- **LISTED RECORDS**

________________________

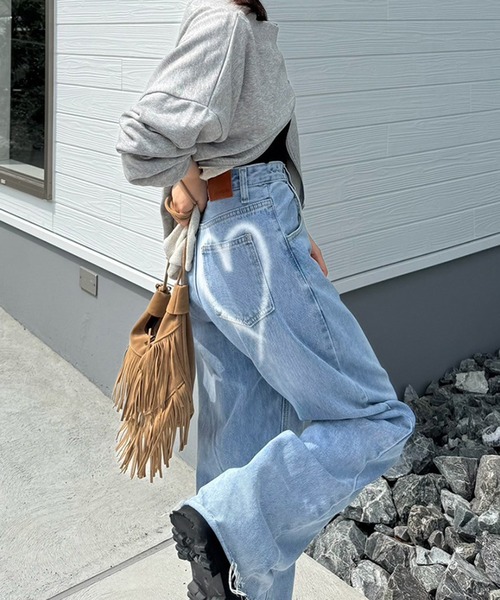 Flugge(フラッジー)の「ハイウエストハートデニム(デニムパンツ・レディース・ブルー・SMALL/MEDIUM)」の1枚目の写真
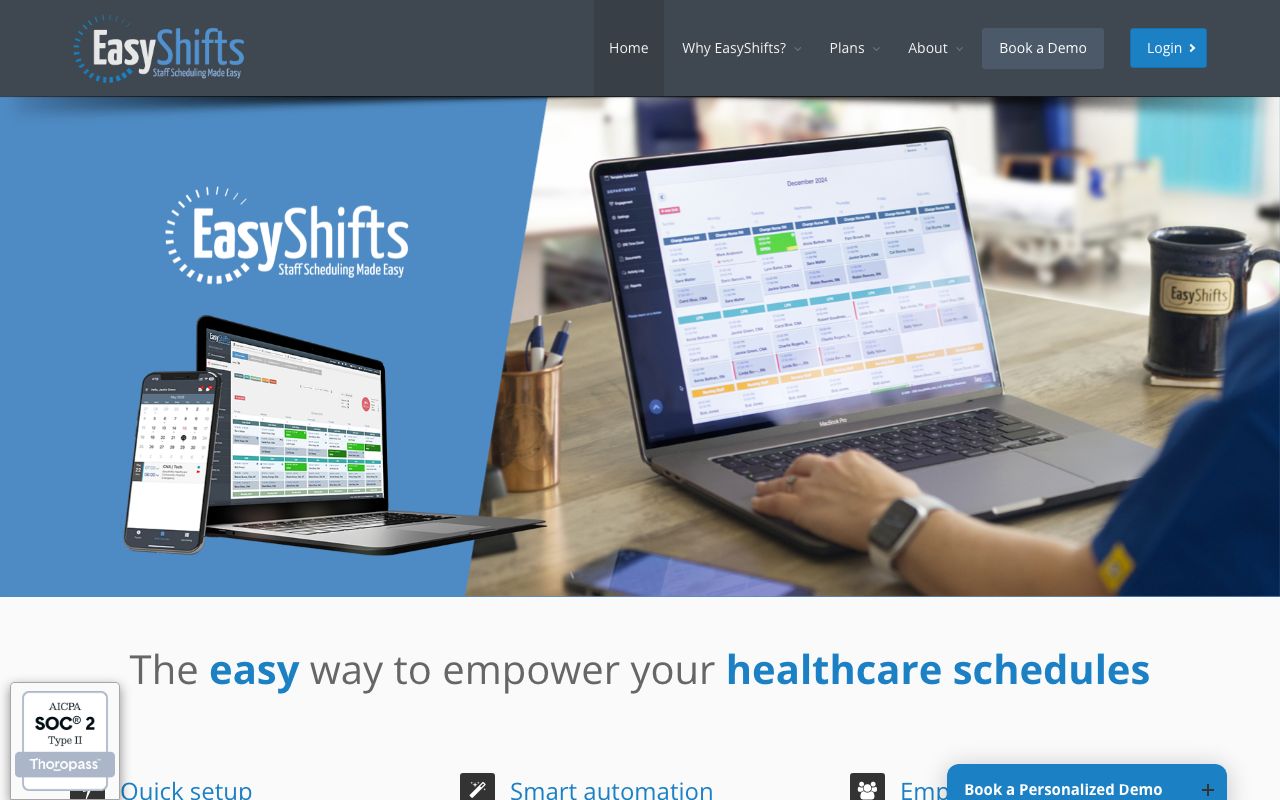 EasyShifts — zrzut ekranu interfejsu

________________________

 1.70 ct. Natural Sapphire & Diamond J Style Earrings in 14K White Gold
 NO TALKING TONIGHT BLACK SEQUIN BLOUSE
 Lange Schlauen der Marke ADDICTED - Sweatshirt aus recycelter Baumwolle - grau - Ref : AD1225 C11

________________________

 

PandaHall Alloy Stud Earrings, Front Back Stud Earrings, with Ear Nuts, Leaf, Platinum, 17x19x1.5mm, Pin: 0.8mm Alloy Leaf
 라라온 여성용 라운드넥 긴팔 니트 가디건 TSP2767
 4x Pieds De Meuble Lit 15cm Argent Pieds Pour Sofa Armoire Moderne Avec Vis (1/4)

________________________

- **WORK TO BE COMPLETED**
Within the listing above, copy each line that has the string "Earrings".

- **YOUR SOLUTION**
 1.70 ct. Natural Sapphire & Diamond J Style Earrings in 14K White Gold
PandaHall Alloy Stud Earrings, Front Back Stud Earrings, with Ear Nuts, Leaf, Platinum, 17x19x1.5mm, Pin: 0.8mm Alloy Leaf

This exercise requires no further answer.